> [Your goal]
Only one span of the material below is wanted. Output it exactly, from the line with "Pánské moto džíny W-TEC Arikaro - modrá" through the line with "Celebrations Orange/Purple 20", without any pictures.

> [Extracted material]
#####
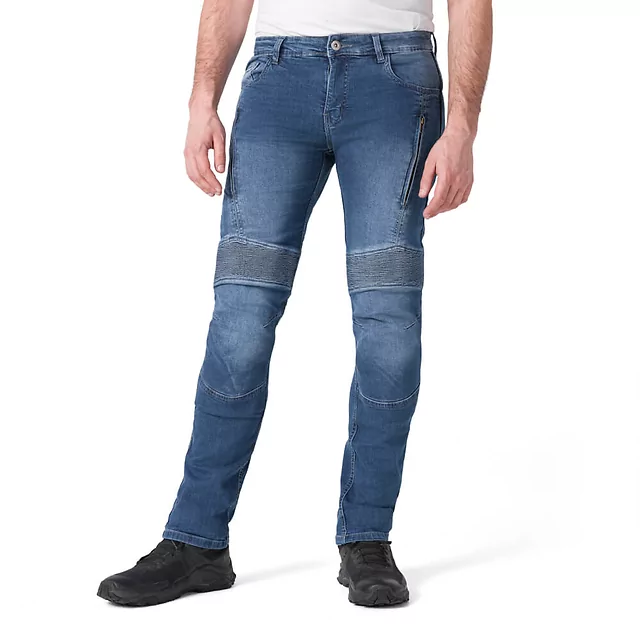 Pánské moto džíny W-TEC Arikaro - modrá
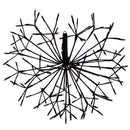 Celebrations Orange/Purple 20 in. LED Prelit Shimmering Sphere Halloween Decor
#####
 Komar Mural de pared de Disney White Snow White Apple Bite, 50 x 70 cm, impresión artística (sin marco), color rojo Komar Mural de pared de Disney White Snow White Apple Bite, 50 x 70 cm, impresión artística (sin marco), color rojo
#####
> [Expected answer]
 Pánské moto džíny W-TEC Arikaro - modrá
 Celebrations Orange/Purple 20 in. LED Prelit Shimmering Sphere Halloween Decor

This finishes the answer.